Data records
-.-.-

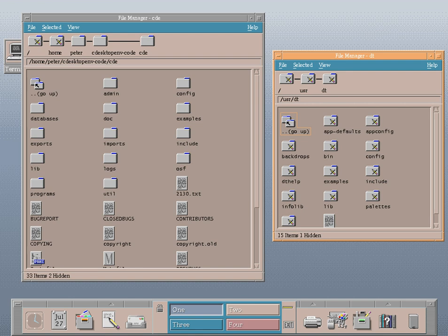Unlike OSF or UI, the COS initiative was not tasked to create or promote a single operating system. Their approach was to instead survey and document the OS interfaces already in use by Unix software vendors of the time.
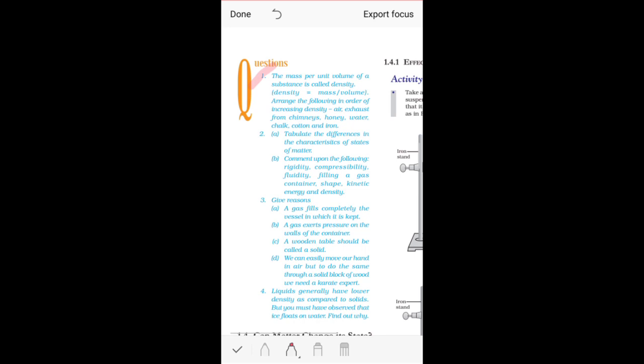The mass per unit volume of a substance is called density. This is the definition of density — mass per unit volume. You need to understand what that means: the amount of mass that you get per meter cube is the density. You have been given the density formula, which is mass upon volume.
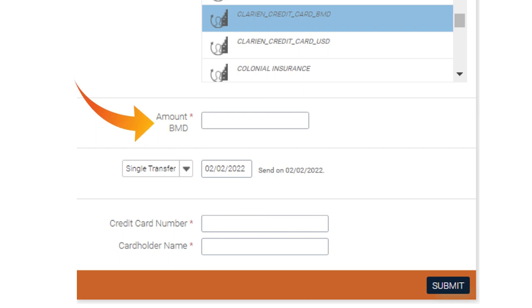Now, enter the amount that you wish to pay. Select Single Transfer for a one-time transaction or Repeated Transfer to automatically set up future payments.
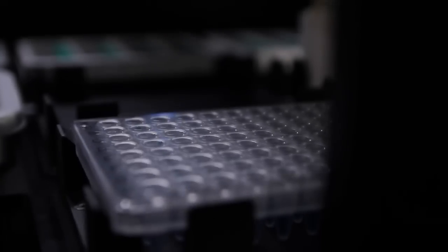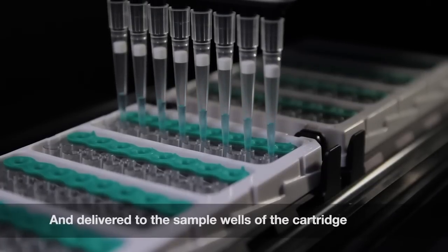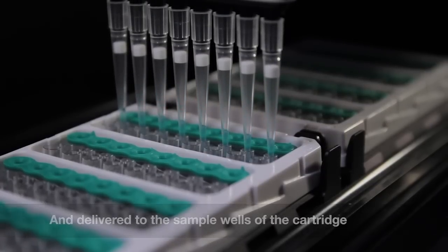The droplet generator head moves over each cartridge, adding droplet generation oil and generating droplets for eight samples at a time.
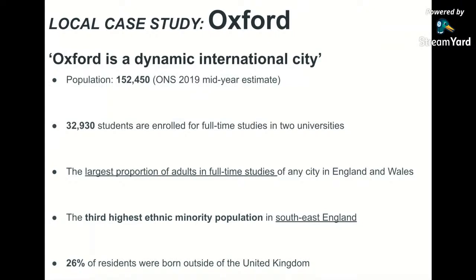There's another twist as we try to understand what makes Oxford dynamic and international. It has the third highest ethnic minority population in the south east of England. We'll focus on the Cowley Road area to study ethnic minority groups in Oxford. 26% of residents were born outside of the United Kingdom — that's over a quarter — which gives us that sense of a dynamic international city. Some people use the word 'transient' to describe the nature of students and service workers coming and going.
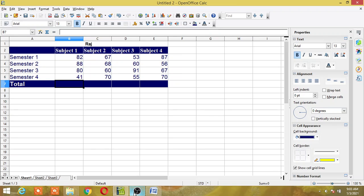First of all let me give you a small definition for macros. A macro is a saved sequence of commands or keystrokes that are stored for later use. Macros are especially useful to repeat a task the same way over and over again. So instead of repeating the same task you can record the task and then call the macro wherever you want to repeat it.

-.-.-

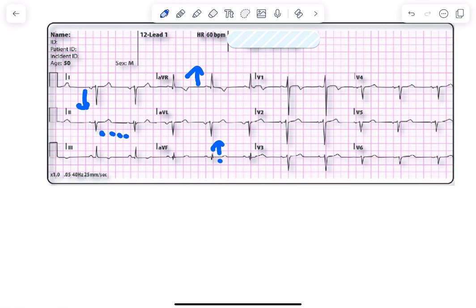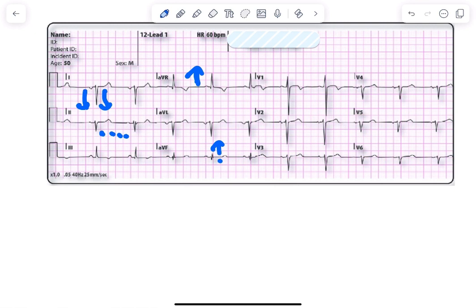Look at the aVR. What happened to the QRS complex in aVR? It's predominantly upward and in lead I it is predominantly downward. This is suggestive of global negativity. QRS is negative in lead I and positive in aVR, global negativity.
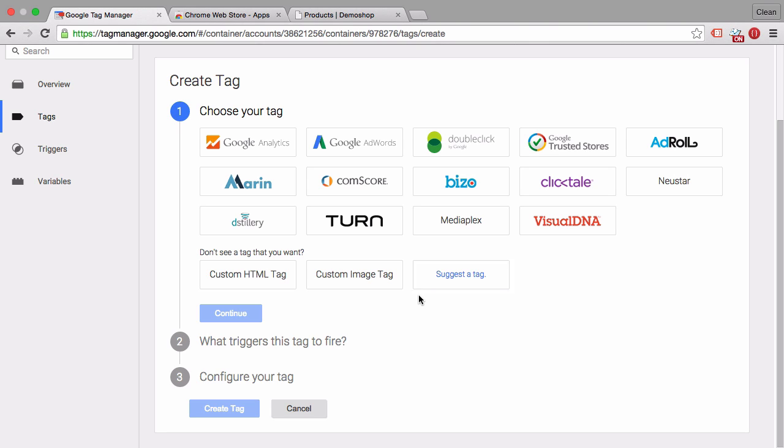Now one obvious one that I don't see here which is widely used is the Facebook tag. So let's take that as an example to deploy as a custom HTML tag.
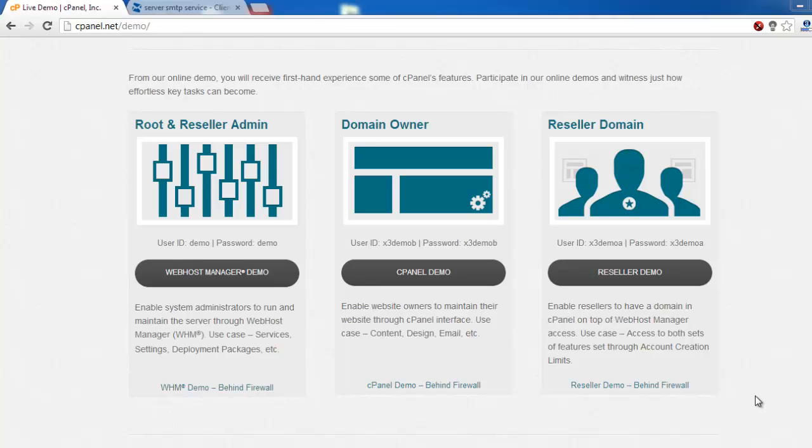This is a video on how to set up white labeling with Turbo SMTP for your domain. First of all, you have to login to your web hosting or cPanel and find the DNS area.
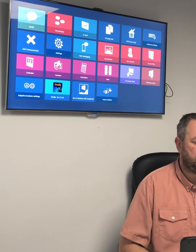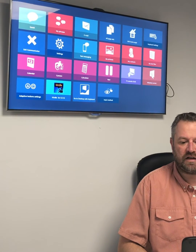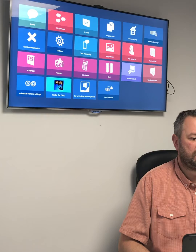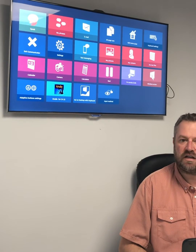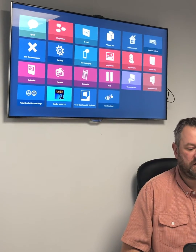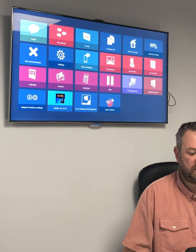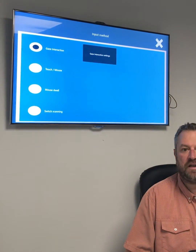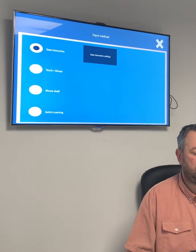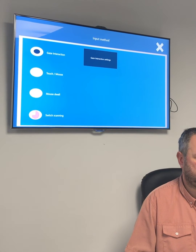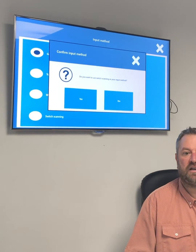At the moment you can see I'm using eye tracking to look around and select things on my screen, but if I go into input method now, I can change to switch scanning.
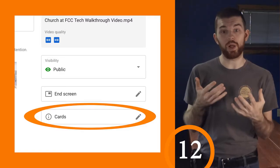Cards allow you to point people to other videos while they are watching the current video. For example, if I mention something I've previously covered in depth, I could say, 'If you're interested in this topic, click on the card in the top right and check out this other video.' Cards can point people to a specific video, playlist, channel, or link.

-.-.-

• [Description of the task] Beginning with the line above that has "Look at the" and going on through the line that has "Cards allow you", retype every line exactly and add nothing else; drop the pictures.

• [Result for this exercise]
Look at the aVR. What happened to the QRS complex in aVR? It's predominantly upward and in lead I it is predominantly downward. This is suggestive of global negativity. QRS is negative in lead I and positive in aVR, global negativity.
Now one obvious one that I don't see here which is widely used is the Facebook tag. So let's take that as an example to deploy as a custom HTML tag.
This is a video on how to set up white labeling with Turbo SMTP for your domain. First of all, you have to login to your web hosting or cPanel and find the DNS area.
At the moment you can see I'm using eye tracking to look around and select things on my screen, but if I go into input method now, I can change to switch scanning.
Cards allow you to point people to other videos while they are watching the current video. For example, if I mention something I've previously covered in depth, I could say, 'If you're interested in this topic, click on the card in the top right and check out this other video.' Cards can point people to a specific video, playlist, channel, or link.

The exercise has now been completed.